Finde diesen Beitrag sehr unverständlich. Wahrscheinlich bräuchte ich mehr Köpfchen um zu verstehen, was hier gemeint ist.
Ist der Verfasser nun den Verschwörungstheorien zugeneigt oder abgeneigt.
Ich jedenfalls informiere mich über/bei ganz verschiedenen Medien und glaube der offiziellen Presse grundsätzlich kaum noch was- zu oft wurde da gelogen und wir werden für dumm verkauft.

Gravatar: Josef Weidmann

Auch ich halte mich als Physiker an Ockham's Rasiermesser. Denn in der Naturwissenschaft gilt ebenfalls: je mehr Variablen nötig sind für eine Theorie, desto unwahrscheinlicher, bzw. beliebiger wird sie, weil sie dann auf alles passt und nichts mehr erklären kann.
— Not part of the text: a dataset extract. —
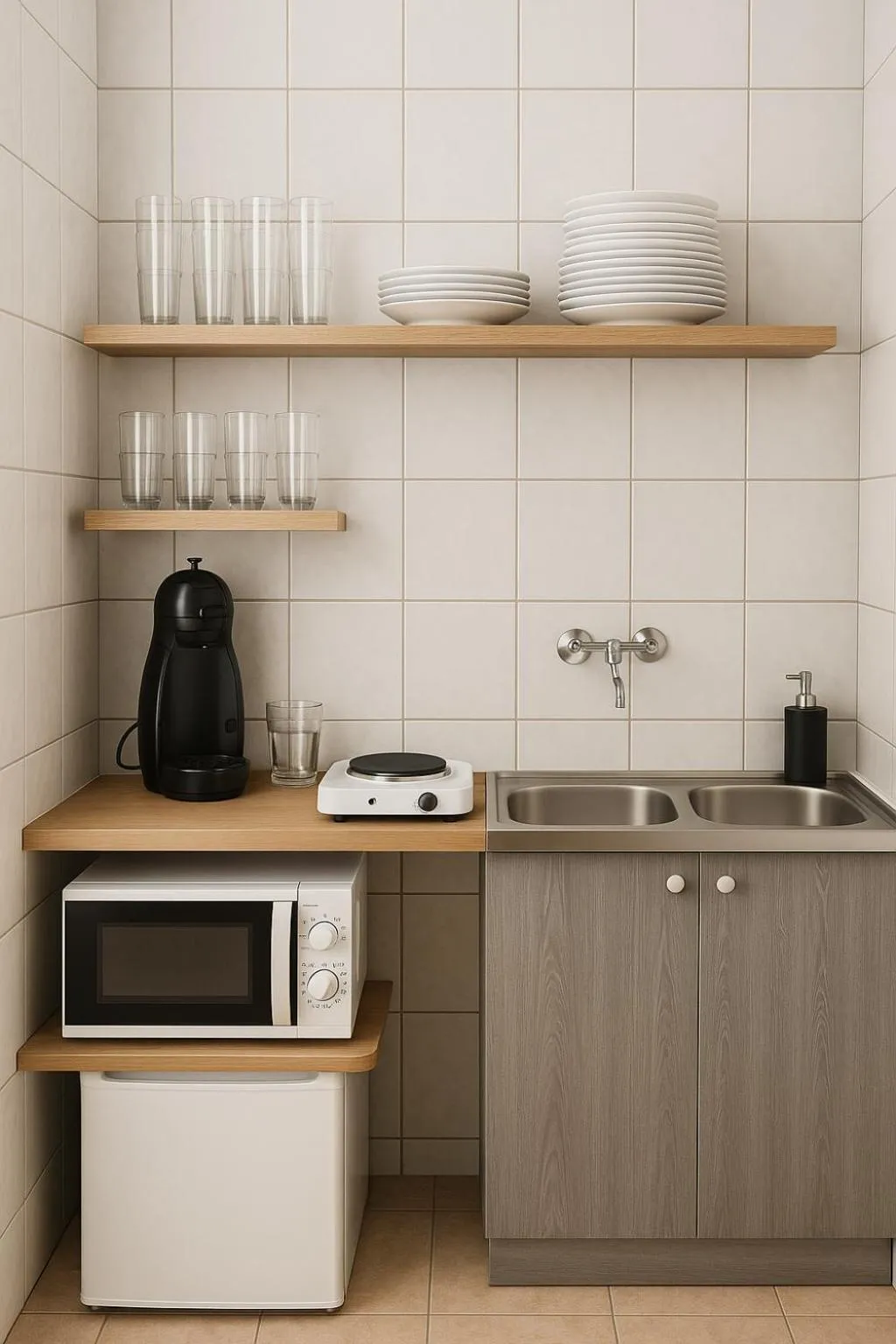 Zöld Sziget Üdülőház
Allerdings bei Anwendung von Ockham's Rasiermesser auf den 11. September komme ich zu dem Schluss, dass mindestens der sprengungsähnliche Einsturz von WTC-Gebäude 7, das nicht von einem Flugzeug getroffen wurde, mit der offiziellen Theorie nicht zusammenpasst. Auch das vollständige Fehlen von Flugzeugtrümmern am Pentagon ist nicht zufriedenstellend geklärt worden. Wenn aber die offizielle Theorie in wichtigen Punkten nicht stimmen KANN, führt der Rückgriff auf das Rasiermesser zwingend zu einer anderen Erklärung, also einer "Verschwörungstheorie".